Tingley was therefore prepared to play a leading role in dramatic Theosophical events that were about to unfold. In 1895, at Judge's urging, the American Section declared its independence from the international Theosophical Society headquartered at Adyar, Madras, India, under the presidency of Henry Steel Olcott, and with which Besant was affiliated. Judge died in 1896 and within a couple of years Tingley had risen to the Presidency of the separated American section, though Annie Besant, on a whirlwind tour, won back a number of U.S. lodges.

At the same time, Tingley was nursing another dream, the idea of a utopian Theosophical community, in which the arts, education, and labor would combine to create a new vision of human life. With the help of wealthy Theosophical patrons, the dream took shape. In 1897 land was bought on the Point Loma peninsula in San Diego, and by the turn of the century Katherine Tingley and many of her followers were settled in Lomaland, as the community was called, surrounded by imposing edifices with leaded glass domes and Egyptian gates. The Raja Yoga Academy, in which the community's children and youth were schooled, was particularly impressive because of its futuristic educational principles. She closed her remaining lodges, urging their leaders to join the new community.

Tingley was passionately concerned with peace, as with many social issues. As she once recalled, this opposition was grounded in childhood memories of the dreadful and unforgettable expressions she saw on the faces of Civil War casualties; after that she could never again credence those who spoke of the "honor" and "glory" to be attained on the battlefield. In 1913 she organized and attended an international Theosophical Peace Congress in Sweden, held June 22-29. On the way back, she attended the Twentieth World Peace Conference in The Hague August 18-23. More peace meetings were convened at Point Loma. Once war had erupted in all its horror, Tingley and the Lomaland community swung into action with a "Sacred Peace Day for the Nations" on September 28, 1914, which as a day of prayer for peace drew endorsements from President Wilson and several governors;  in San Diego there was a Peace Parade, "a great procession of protest" against the slaughter commencing across the Atlantic.

In her writings on peace, Tingley emphasized a special role for America. It was to be the "Spiritual Mecca of the World," "The Cradle of the Sixth Sub-race" which would carry humankind to a higher level, and "The Torch-Bearer of Peace." But she recognized that the present United States was an imperfect vessel for this lofty destiny, "its duties were only half done," and there was much to regret in its past wars and injustices. The case might have been better "if our great America had from the beginning realized that Brotherhood is a fact of Nature."

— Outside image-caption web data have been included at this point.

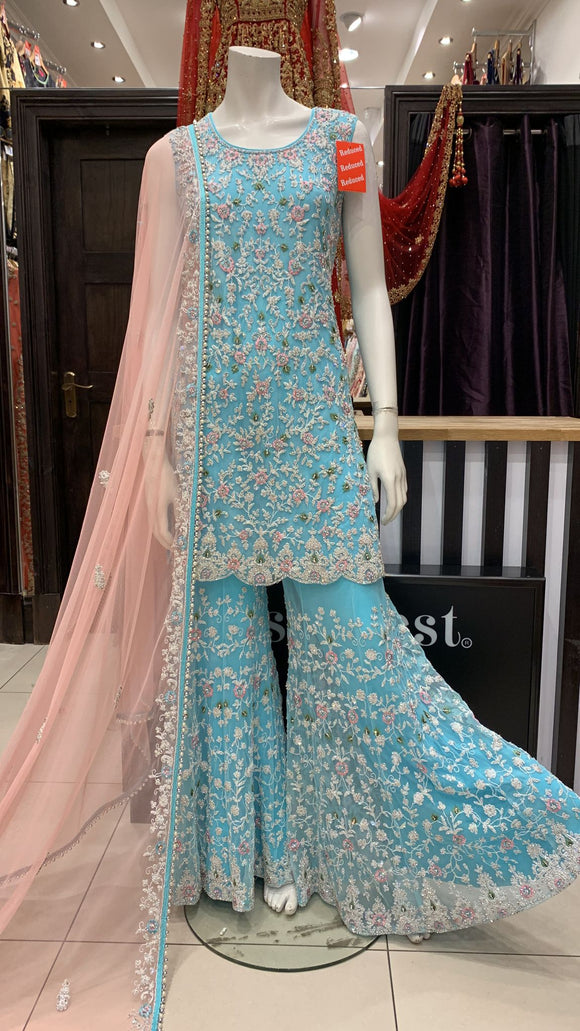 Heavy Embroidered & Embellished net Sharara Outfit 968C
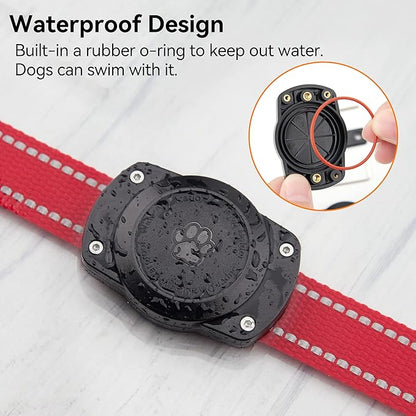 IPX8 Waterproof Airtag Dog Collar Holder [Metal Back Plate] Ultra-Durable Dog &amp; Cat Collars Mount for AirTag, Suitable for All Widths of Collars (2 Pack)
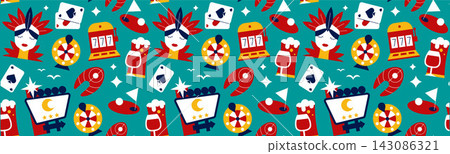 Nevada and Las Vegas Geometric Seamless Pattern with Casino, Travel and Retro Symbols, Flat Vector Background Nevada and Las Vegas Geometric Seamless Pattern with Casino, Travel and Retro Symbols, Flat Vector Background 143086321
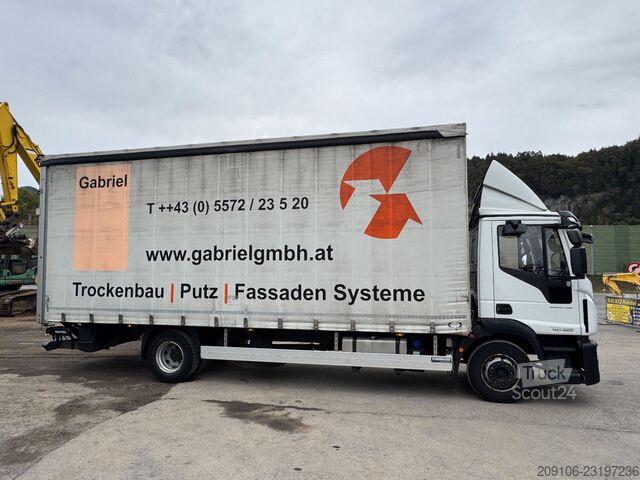 Camión plataforma con toldo IVECO Eurocargo 140E250 Pritsche Plane Klima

For Tingley, this was a key fact, reiterated repeatedly: Brotherhood is a fact of nature. War is based on essentially false premises, promoted by the "pernicious propaganda" of the news media, whereas peace is based on the fundamental fact of "that Divinity which now stands in the background of human consciousness." More than Besant, for all her reformist zeal, and the cause of Indian self-rule to which she was by now giving herself even at the cost of brief imprisonment, Tingley together with Lomaland stood for and sought to exemplify what might be called a utopian, rather than evolutionary (in the Besant sense), Theosophical millennialism.

The position was well put by a disciple of hers, Montague A. Machell, in connection with the 1913 Peace Congress in Sweden:

I believe it is because Theosophy teaches and has taught the doctrine of human solidarity throughout the ages, because it holds that all men are brothers and are bound into one great family by bonds infinitely stronger and more lasting than those of mere nationality, it is because of this that the Theosophical Leader is calling this International Theosophical Peace Congress... [For] Theosophy is another name for the Wisdom-Religion, that religion which is coeval with man himself and anterior even to the earth upon which he dwells. . .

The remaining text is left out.